Normally I try to stay as far away from political speechifying as I can, because it makes my brain itch and fills me with annoyance. This is something different. I read it -- I haven't listened to it, just read it -- and it's like, oh my god, he's actually saying something. Something other than "vote for me", which yes, was in there, but alongside some very interesting statements about how American society works or doesn't, and ways to think about a set of problems, and observations about people, and...

It's like he's saying "Okay, fine. You want to talk about race? Let's talk about race." And then he pulls out the race card and tears it into tiny pieces and throws it on the floor because people need to stop freaking out about it and focus, people, focus on all this other big important stuff because then we could actually accomplish something, and I don't think I've quite processed it all yet.

Somebody who can say things like this is actually running for president? As in, might actually be elected? Not just in theory, but, like, actually elected in reality?
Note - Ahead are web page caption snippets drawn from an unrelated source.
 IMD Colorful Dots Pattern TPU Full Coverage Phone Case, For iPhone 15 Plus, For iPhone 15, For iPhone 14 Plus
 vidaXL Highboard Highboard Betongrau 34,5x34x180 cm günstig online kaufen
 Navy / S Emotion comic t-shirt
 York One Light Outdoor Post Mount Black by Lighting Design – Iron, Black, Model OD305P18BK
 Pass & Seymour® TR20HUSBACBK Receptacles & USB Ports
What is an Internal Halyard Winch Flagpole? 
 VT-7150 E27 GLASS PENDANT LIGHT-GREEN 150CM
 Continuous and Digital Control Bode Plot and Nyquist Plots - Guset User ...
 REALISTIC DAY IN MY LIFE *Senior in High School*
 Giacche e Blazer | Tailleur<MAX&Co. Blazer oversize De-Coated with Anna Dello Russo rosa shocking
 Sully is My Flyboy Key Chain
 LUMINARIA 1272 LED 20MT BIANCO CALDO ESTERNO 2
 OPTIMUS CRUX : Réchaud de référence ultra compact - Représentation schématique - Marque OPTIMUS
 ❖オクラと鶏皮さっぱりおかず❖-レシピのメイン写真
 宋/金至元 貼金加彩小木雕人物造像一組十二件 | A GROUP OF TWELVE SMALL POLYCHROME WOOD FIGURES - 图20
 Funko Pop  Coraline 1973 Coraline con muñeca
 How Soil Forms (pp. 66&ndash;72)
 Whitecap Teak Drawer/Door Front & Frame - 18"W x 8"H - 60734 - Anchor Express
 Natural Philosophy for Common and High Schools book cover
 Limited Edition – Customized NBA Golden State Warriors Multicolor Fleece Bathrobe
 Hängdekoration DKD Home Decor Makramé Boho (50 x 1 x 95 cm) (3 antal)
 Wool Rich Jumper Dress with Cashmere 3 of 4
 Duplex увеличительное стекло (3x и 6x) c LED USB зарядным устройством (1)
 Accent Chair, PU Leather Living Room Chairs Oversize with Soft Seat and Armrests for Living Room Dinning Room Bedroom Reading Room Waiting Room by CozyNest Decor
That... doesn't really fit into my worldview at the moment.

To be honest, I'm kind of afraid to let that idea in, because if I do and he doesn't get elected, I'll be heartbroken, and if he does, I might have to, y'know, abandon my hip and jaded Gen-X cynicism about American politics and actually care about stuff, and I'm really not sure what to do about that.

Even now I'm distancing myself from it with humor and irony because I think that speech may have actually moved me, and I just... don't know how to react to that.

[User Picture]From: nematsakis
2008-03-19 02:55 pm (UTC)
I agree with you on both points. I saw Obama interviewed after his speech on race and he looked really tired; I think he was up all night writing that speech, which perhaps explains the delivery.

This speech on race (does it have a title?) reminded me a lot about his speech on religion and politics. Both speeches has been called "The most important speech on (race|religion in politics) in recent history" by commentators and they don't go for soundbites but take a difficult issue head-on.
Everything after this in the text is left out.